为了获得更好的预测效果,并且可以简单高效的完成任务,本文中我将分享给大家7个用于处理时间序列问题的 Python 工具包,有所收获,点赞支持,欢迎收藏学习。
本文由技术群粉丝分享,项目源码、数据、技术交流提升,均可加交流群获取,群友已超过2000人,添加时最好的备注方式为:来源+兴趣方向,方便找到志同道合的朋友
方式①、添加微信号:mlc2060,备注:来自CSDN +研究方向
方式②、微信搜索公众号:机器学习社区,后台回复:加群
tsfresh 是一个很棒的 python 包,它可以自动计算大量的时间序列特性,包含许多特征提取方法和强大的特征选择算法。
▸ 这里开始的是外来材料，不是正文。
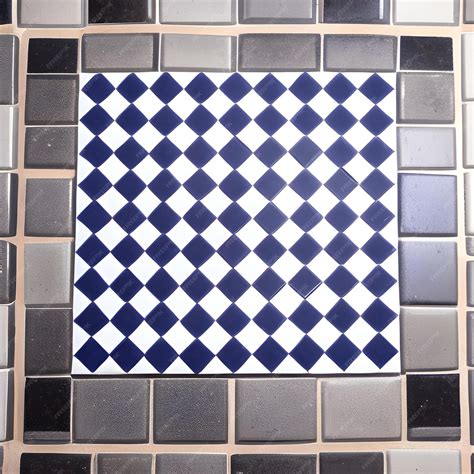 Premium Photo | A blue and white square tile with black squares on it.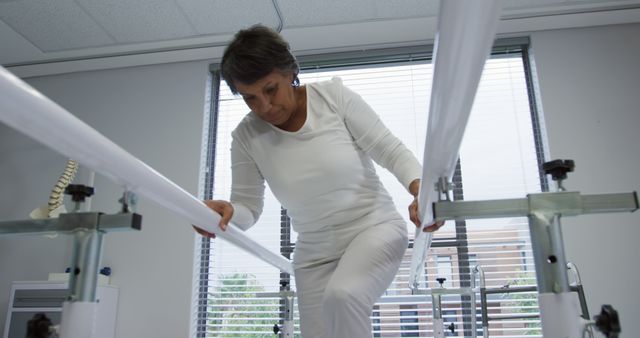 Biracial female patient trying to walk in therapy room. Physiotherapy, treatment, rehabilitation, medical services, healthcare and hospital, unaltered.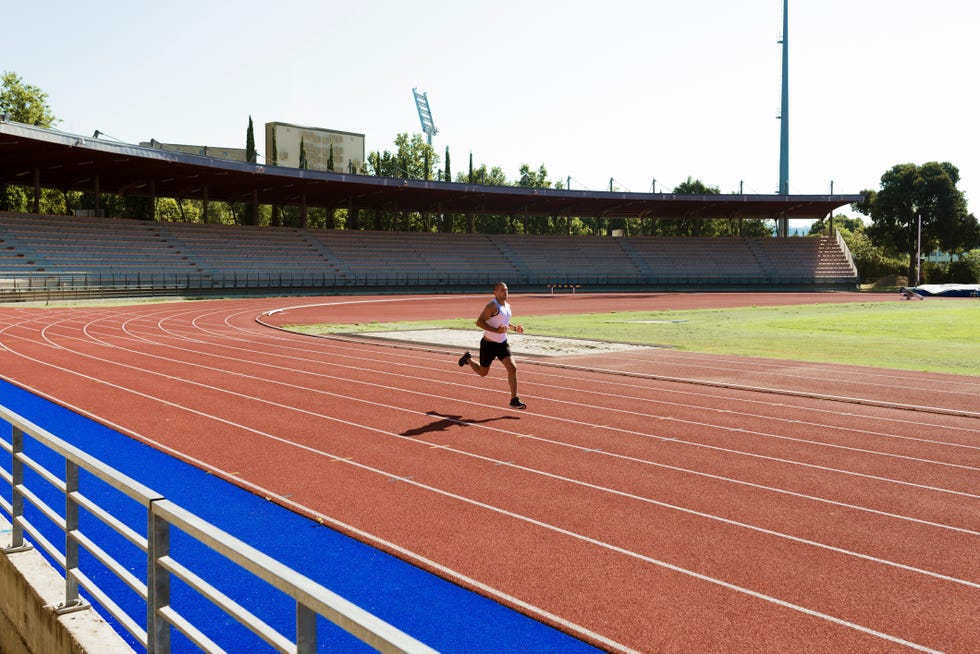 young sportsman running on tartan track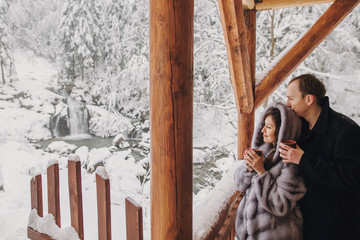 Stylish couple holding hot tea in cups and looking at winter snowy mountains from wooden porch. Happy romantic family with drinks hugging. Space for text. Holiday getaway together.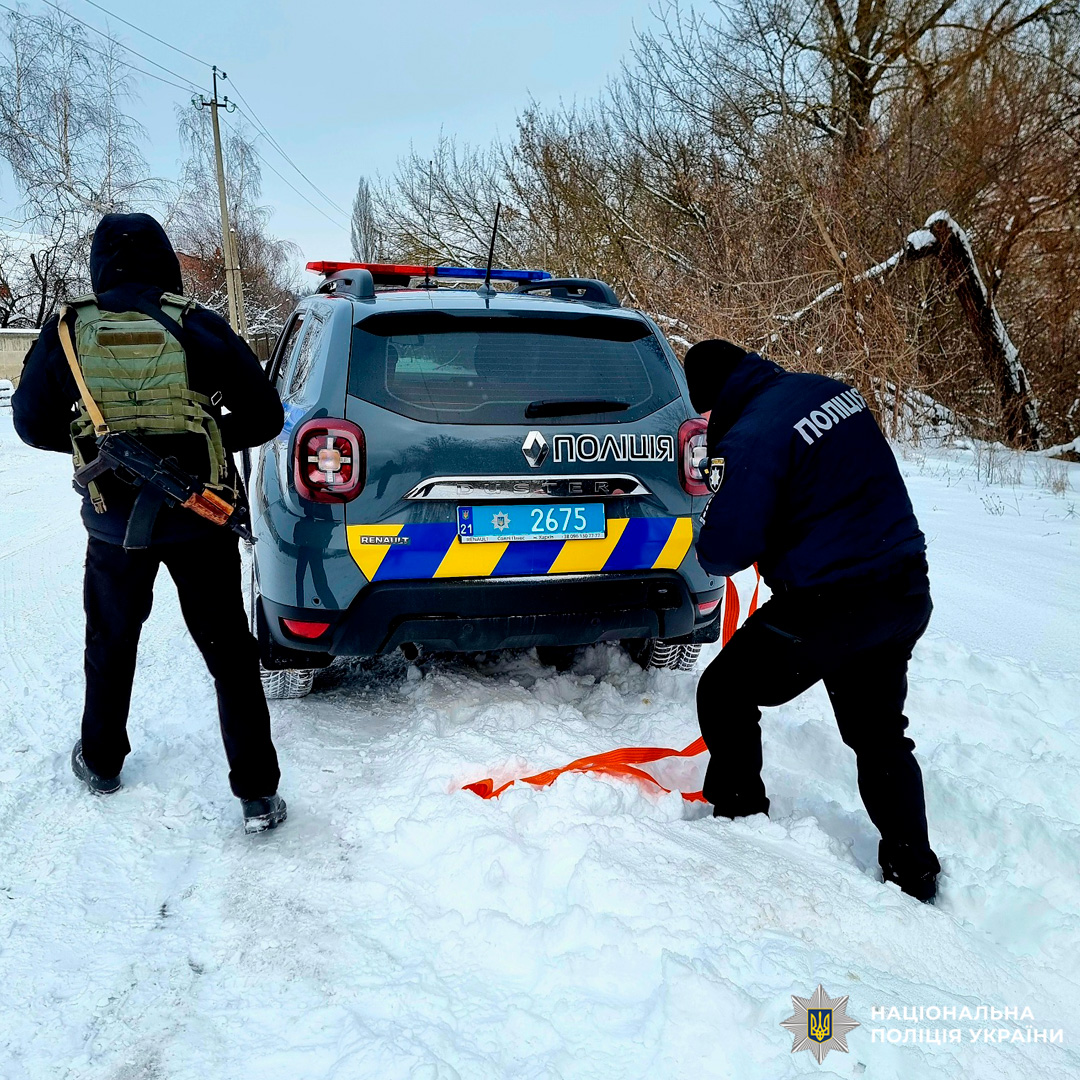 Поліцейський надає допомогу водію, буксируючи автомобіль, що застряг у снігу.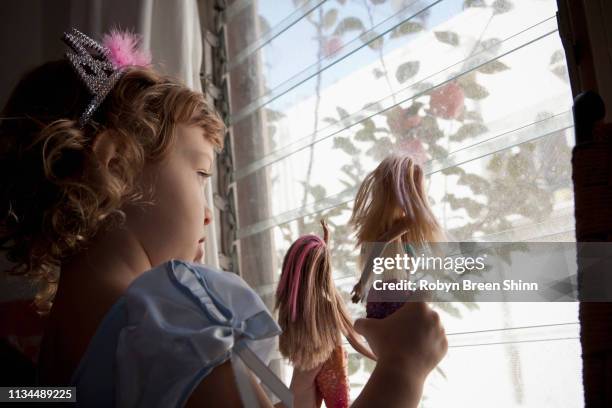female toddler looking out of window holding up dolls - dolls ストックフォトと画像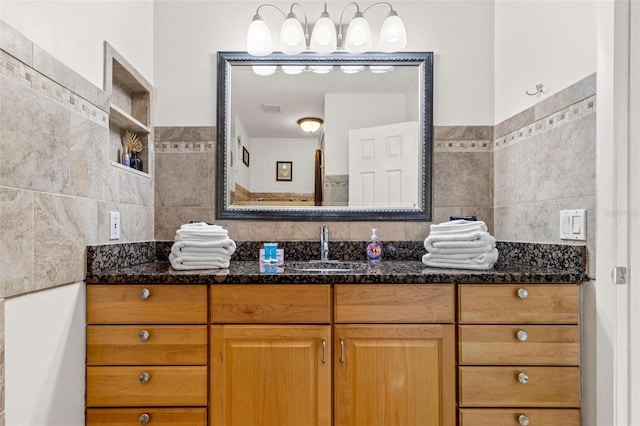 bathroom with tile walls, visible vents, and vanity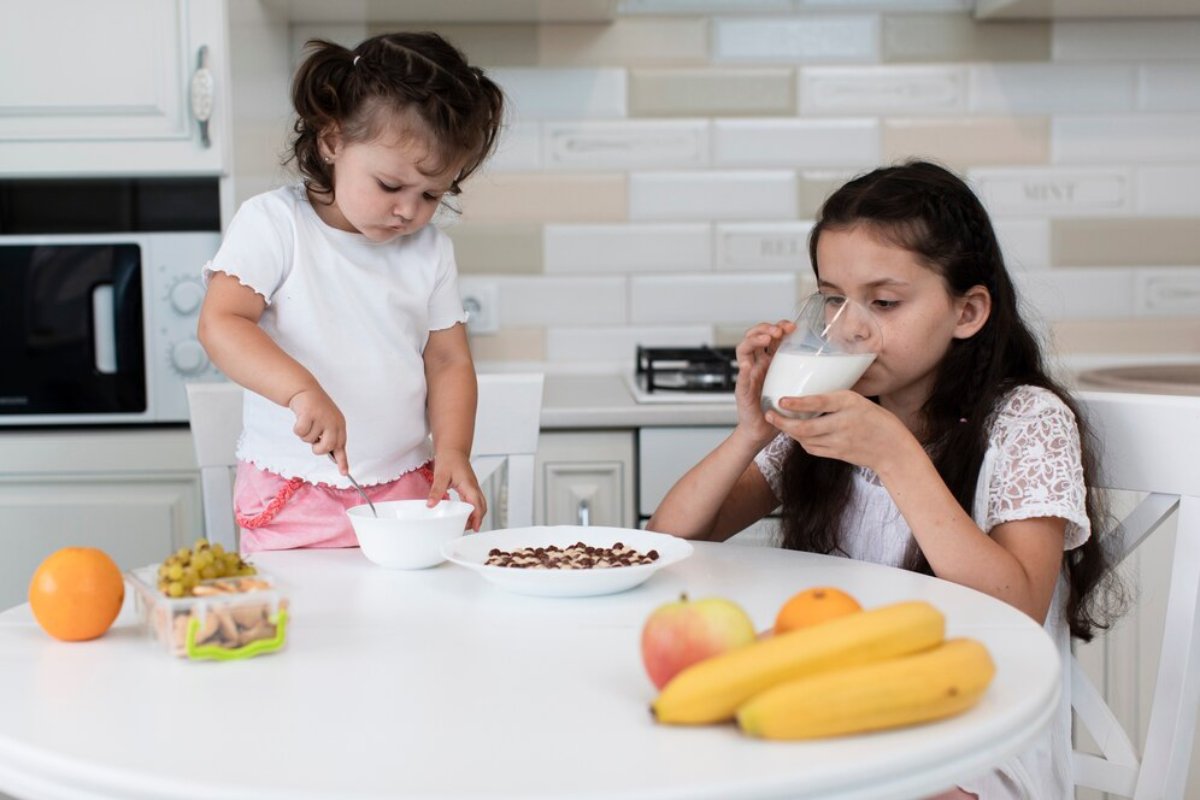 Two children are enjoying breakfast at a white table, featuring bowls of cereal, fruit, and a bowl of yogurt in a bright kitchen.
让我们以获取航空公司乘客的标准数据集为例,来了解tsfresh
# Importing libraries
import pandas as pd
from tsfresh import extract_features, extract_relevant_features, select_features
from tsfresh.utilities.dataframe_functions import impute, make_forecasting_frame
from tsfresh.feature_extraction import ComprehensiveFCParameters, settings
# Reading the data
data = pd.read_csv('../input/air-passengers/AirPassengers.csv')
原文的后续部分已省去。